5.2 Seasonal Variations of NPP
Figure 4 shows the seasonal NPP distributions in East Asia region in 1998. In the north area, the NPP became very low in period 1 (Jan. – Mar.) and period 4 (Oct. – Dec.) because the average daily air temperature is almost lower than 5°C in this area during these periods, and then make plant growth stop. However, in the south area, the NPP in period 2 (Apr. – Jun.) and period 3 (Jul. – Sep.) was lower than periods 1 and 4. This is because the average daily air temperature is always higher than 5°C through a year, and periods 2 and 3 are rainy seasons, then have not enough solar radiation for plant photosynthesis in this area.
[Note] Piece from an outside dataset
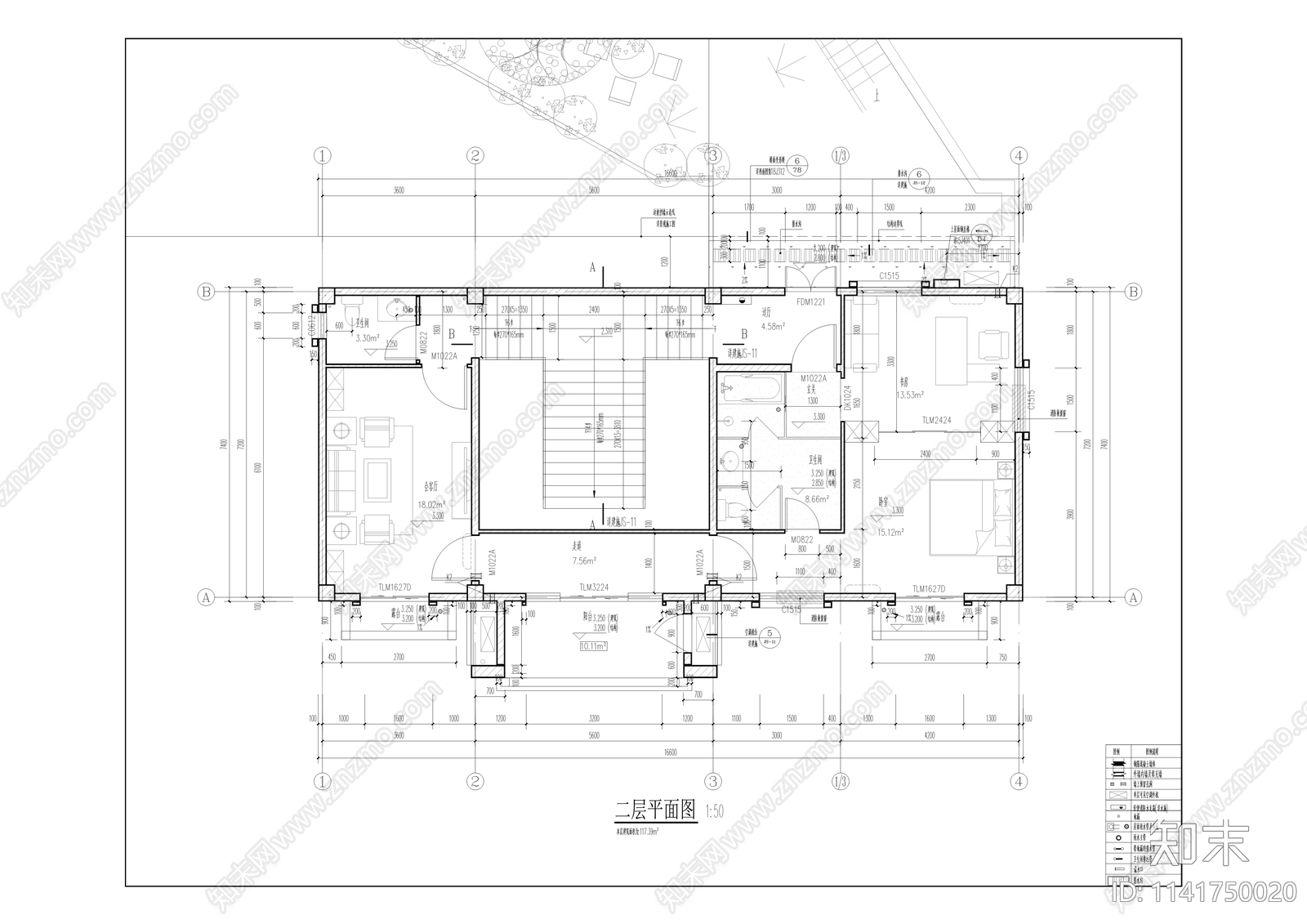 石壕小学建筑cad施工图下载【ID:1141750020】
The peak of NPP occurred in period 3 in the north area and in period 4 in the south area, respectively.

6. Conclusion
The method of integrating remotely sensed data with an ecosystem model to estimate NPP in East Asia was described. By incorporating the remote sensing data, daily meteorological data and soil data concerning all major environmental variables affecting plant growth and development, the distribution map of annual NPP in East Asia region in 1998 was produced. The mean NPP of grasslands and cereal crops were the smallest (443 g C m-2 yr -1), followed by that of needle forests (467 g C m-2 yr -1), shrubs (504 g C m-2 yr -1), savannas (538 g C m-2 yr -1), and broadleaf crops (579 g C m-2 yr -1). The mean NPP of broadleaf forests (671 g C m-2 yr -1) were the largest. The results also showed the difference of seasonal variation of NPP between the north and south areas.

7. Acknowledgment
We thank Dr. Liu J. and M. J. Chen of Canada Center for Remote Sensing for providing the BEPS code and very useful suggestions to use it. We also thank Dr. R. B. Myneni of Boston University and Dr. R. R. Nemani of University of Montana for providing NDVI-LAI algorithm and global land cover map, soil NDVI map and soil type map.

References

  • Chen J. M., J. Liu, J. Cihlar, and M. L. Goulden, 1999. Daily canopy photosynthesis model through temporal and spatial scaling for remote sensing applications. Ecological Modelling, 124, 99-119.
  • Liu J., J. M. Chen, J. Cihlar, and W. M. Park, 1997. A process-based boreal ecosystem productivity simulator using remote sensing inputs. Remote Sensing of Environment, 62, 158-175.
  • Liu J., J. M. Chen, J. Cihlar, and W. Chen, 1999. Net primary productivity distribution in the BOREAS region from a process model using satellite and surface data. Journal of Geophysical Research, Vol. 104, No. D22, 27735-27754.
  • Loveland T. R., J. W. Merchant, D. O. Ohlen, and J. F. Brown, 1991. Development of a land cover characteristic data base for the conterminous U. S.. Photgramm. Eng. Remote Sens., Vol. 57, 1453-1463.
  • Myneni R. B., R. R. Nemani, and S. W. Running, 1997. Estimation of global leaf area index and absorbed par using radiative transfer models. IEEE Transactions on Geoscience and Remote Sensing, Vol. 35, No. 6, 1380-1393.
  • Running S. W., and J. C. Coughlan, 1988. A general model of forest ecosystem processes for regional applications, I, Hydrological balance, canopy gas exchange and primary production processes. Ecological Modelling, 42, 125-154.